The CFTC Seeks Authority to Curb DeFi
During his address, Benham made a nominal effort to cast the CFTC as a neutral umpire of the markets. One that does not favor or disfavor any particular type of firm or platform.
“It has never been, and it will never be our job to choose winners and losers. The onus is on the market and its participants to determine which innovations add value and which end with novelty,” Benham stated.
In spite of these assurances, many of the speaker’s following remarks took pains to depict DeFi platforms as bad actors. And to justify the harsh actions that the CFTC has taken and plans to take.
Benham spoke with pride of the number of actions targeting DeFi and cryptocurrency. According to his figures, nearly half of them now target bad actors operating in these areas.

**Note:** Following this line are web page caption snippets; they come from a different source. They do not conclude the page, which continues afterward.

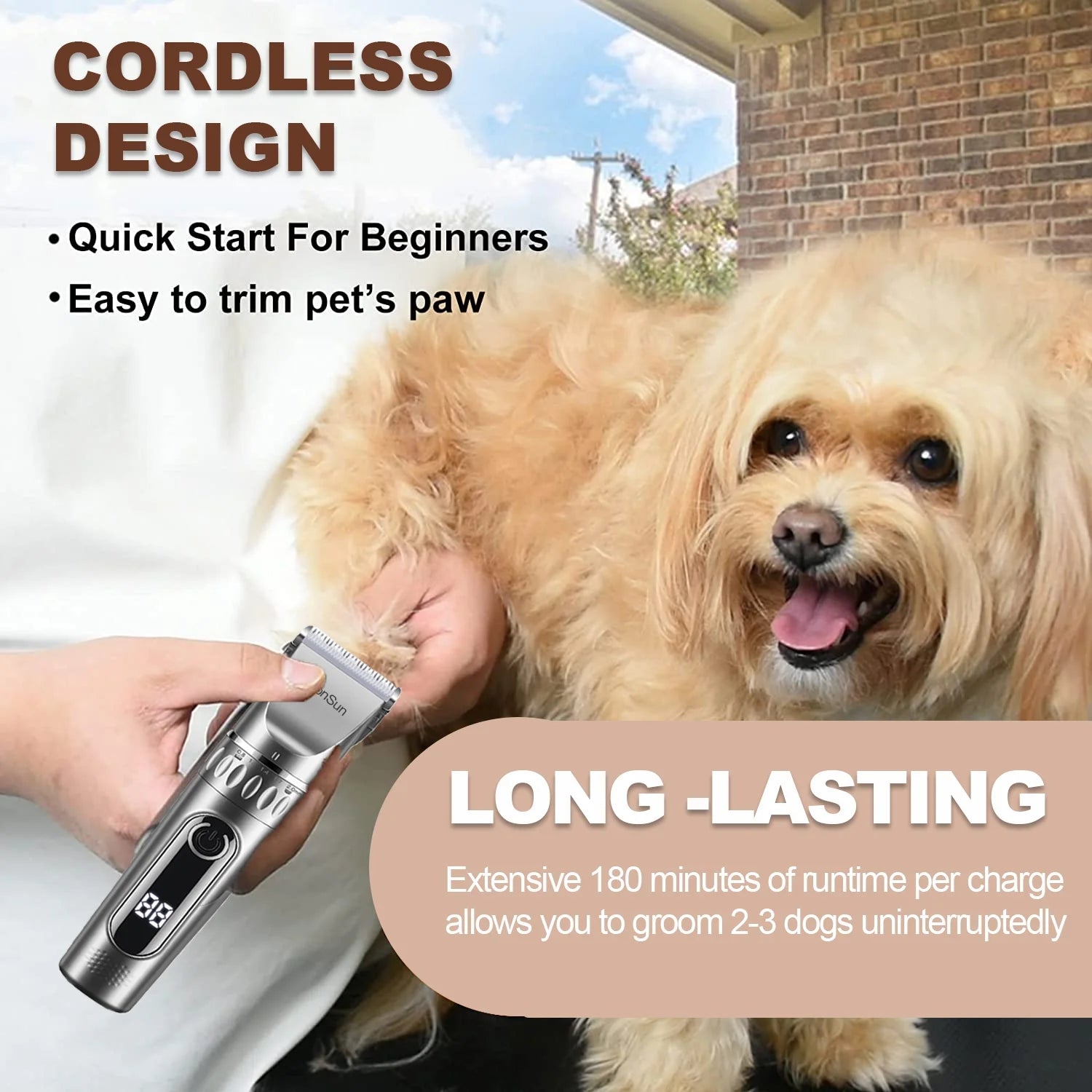 Dog Clippers for Grooming, Cordless Professional Pet Grooming Kit Rechargeable, Adjustable,Led Display & Low Noise Hair Shaver Set for Dogs Cats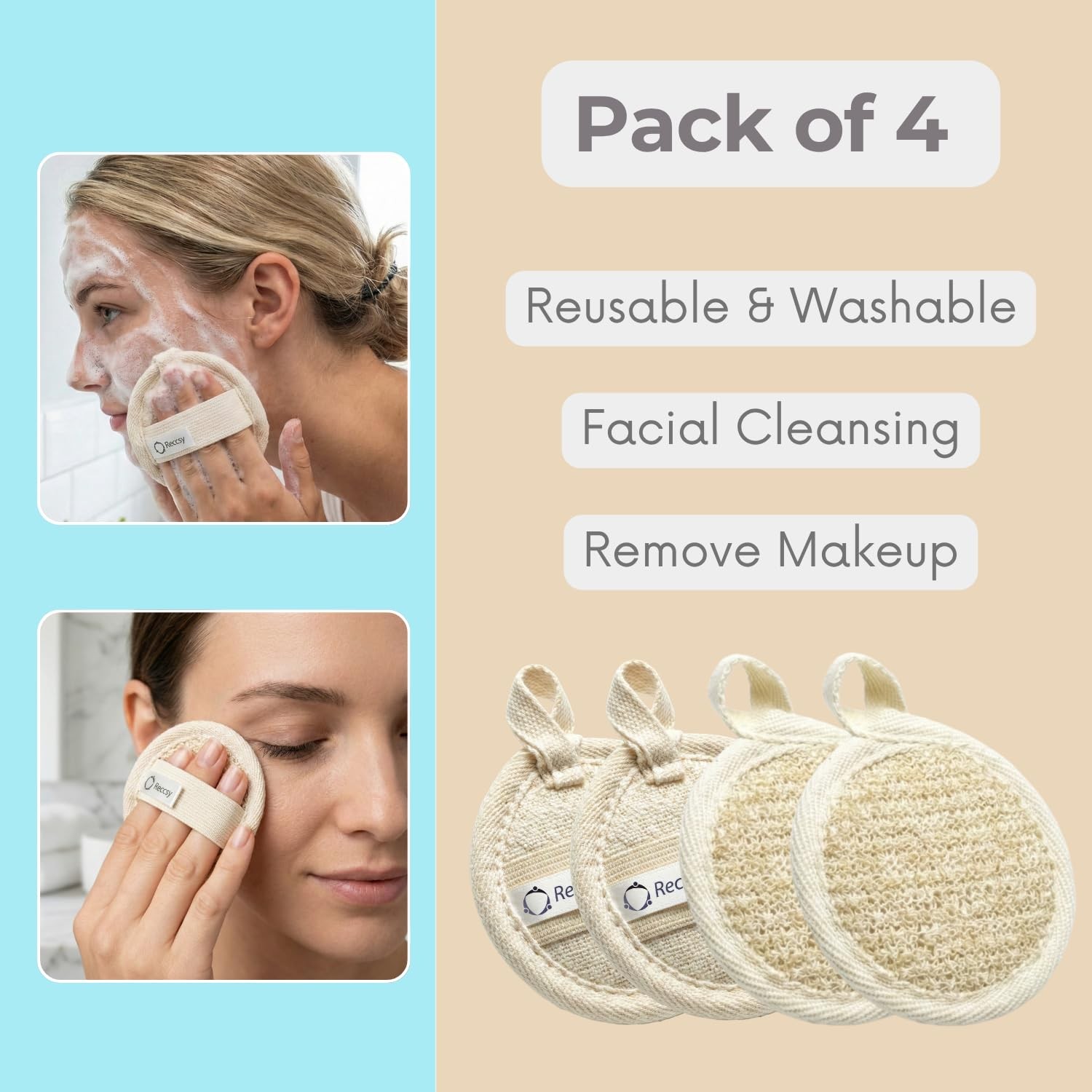 Reccsy Face Brush Set – Soft Natural Bristle Facial Dry for Brown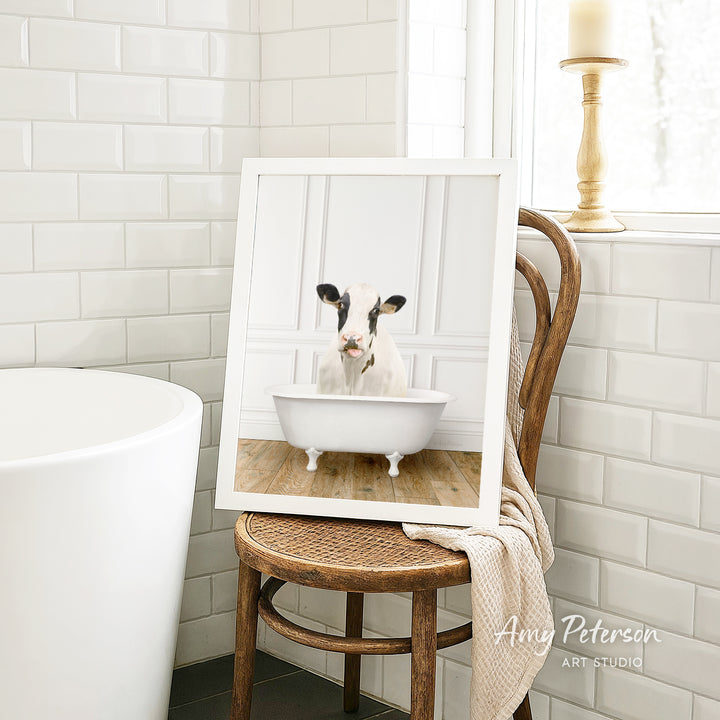 Holstein Cow in Traditional Panel Bath Style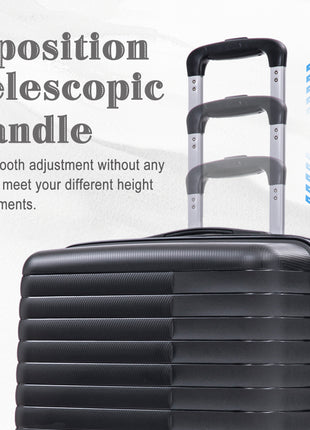 4 Piece PP Luggage Set with Spinner Wheels & Cosmetic Case – Black
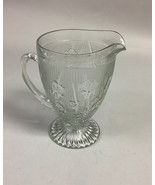 Vintage Crystal Iris &amp; Herringbone 9&quot; Footed Jeannette Pitcher -  1928-1932 - $376.14 MXN
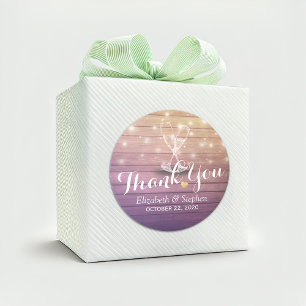 Wedding Thank You Champagne Glasses Wood Lights Classic Round Sticker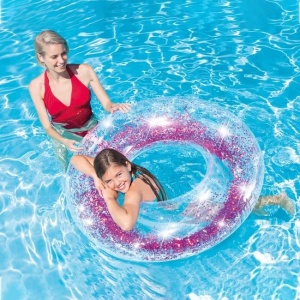 Colac Gonflabil, Intex, Ø119cm, Transparent cu Glitter Roz - Img 3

“Continuing our success in the fight against fraud and illegal conduct involving digital assets, 45 of those actions this fiscal year involved digital asset related misconduct, representing over 34% of the 131 such actions brought by the Commission since 2015,” he said.
Benham Takes Initiative Against New Platforms
The speaker described his agency’s record as the natural outcome of a proactive stance. And the latter, he went on to suggest, is what any reasonable person would want.

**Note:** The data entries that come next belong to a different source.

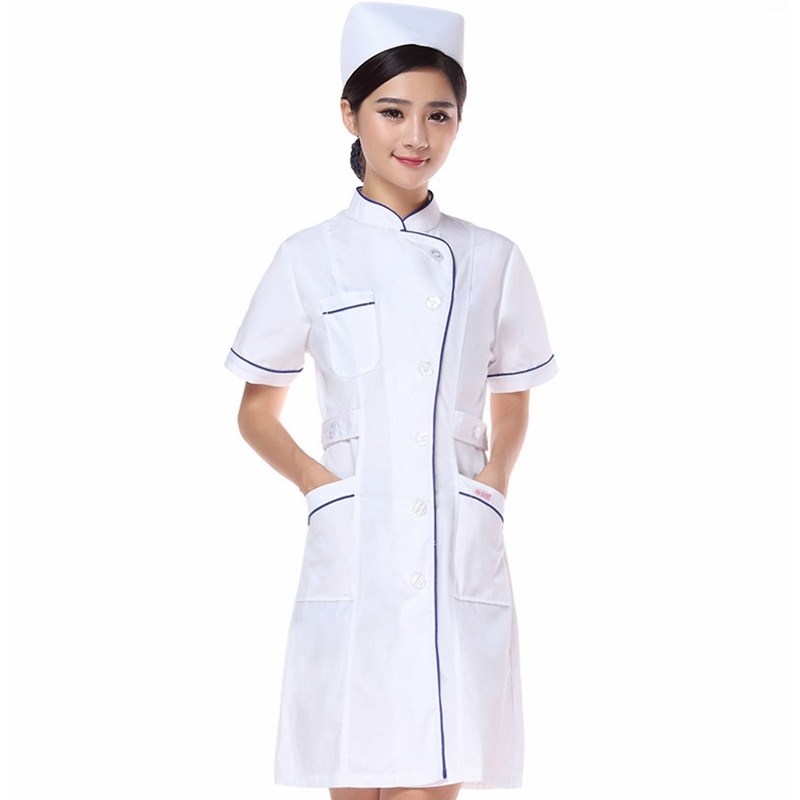 Sjuksköterska uniform kappa sjukhus kvinnlig ren färg laboratorium enkel andas bekväma sjuksköterskekläder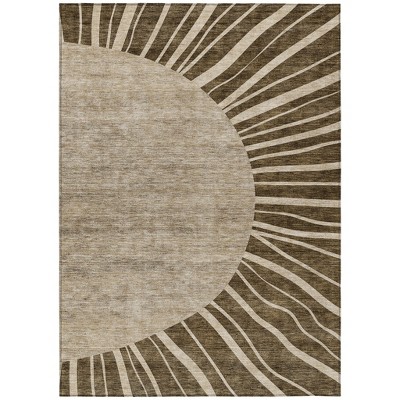 Brown Taupe And Beige Abstract Washable Indoor Outdoor Area Rug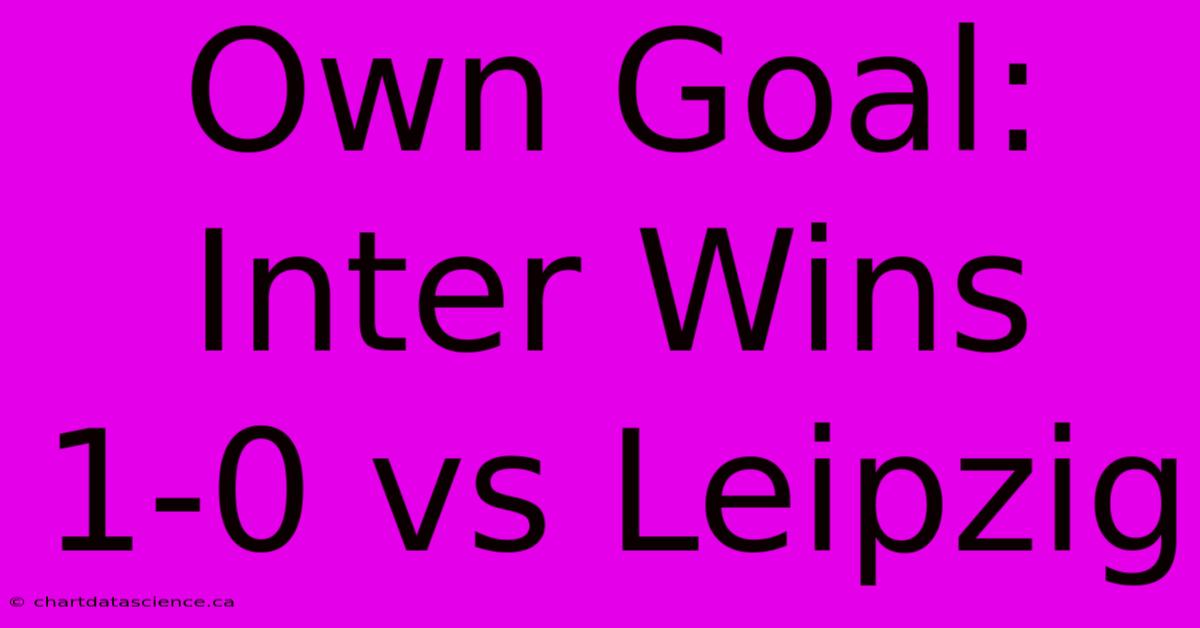 Own Goal: Inter Wins 1-0 Vs Leipzig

“If you require analogy, think about whether you would comfortable on the road if only some individuals were required to have a drivers’ license, or whether, given the choice, you would entrust your healthcare to an untrained, or unlicensed physician,” he said.
Benham went on to congratulate his agency for having filed complaints and an order targeting Sam Bankman-Fried. And the latter’s imploded crypto exchange, FTX.
But Bankman-Fried and FTX were among only a few people and platforms called out by name during the remarks. For the most part, Benham spoke in broad terms about his agency’s pursuit of various types of fraud. Such as pig butchering, retail fraud, failures of reporting and disclosure, and other common types of malfeasance.
The CFTC and Today’s Financial Markets
The really significant development that Benham believes calls for enhanced regulatory powers is the transition of financial operations to DeFi platforms. Entities engaging in digital trade and investing are “no longer physically delineated” as in the past, he said.
Benham was not interested in the objections of prominent figures in the market, such as Coinbase CEO Brian Armstrong. Who has asked whether the Commodity Exchange Act really empowers the CFTC to keep such broad segments of the financial markets on a leash.
Or to keep them subject to legal criteria developed many decades in advance of DeFi’s emergence.
Learn more about Brian Armstrong’s struggles with regulators at both the CFTC and SEC.
Benham’s agenda was clear: The CFTC needs a broader mandate.
“I have continued to advocate for additional authority in the crypto space . . . and worked closely with Congress on ways to solidify much needed amendments to our authorizing statute,” he said.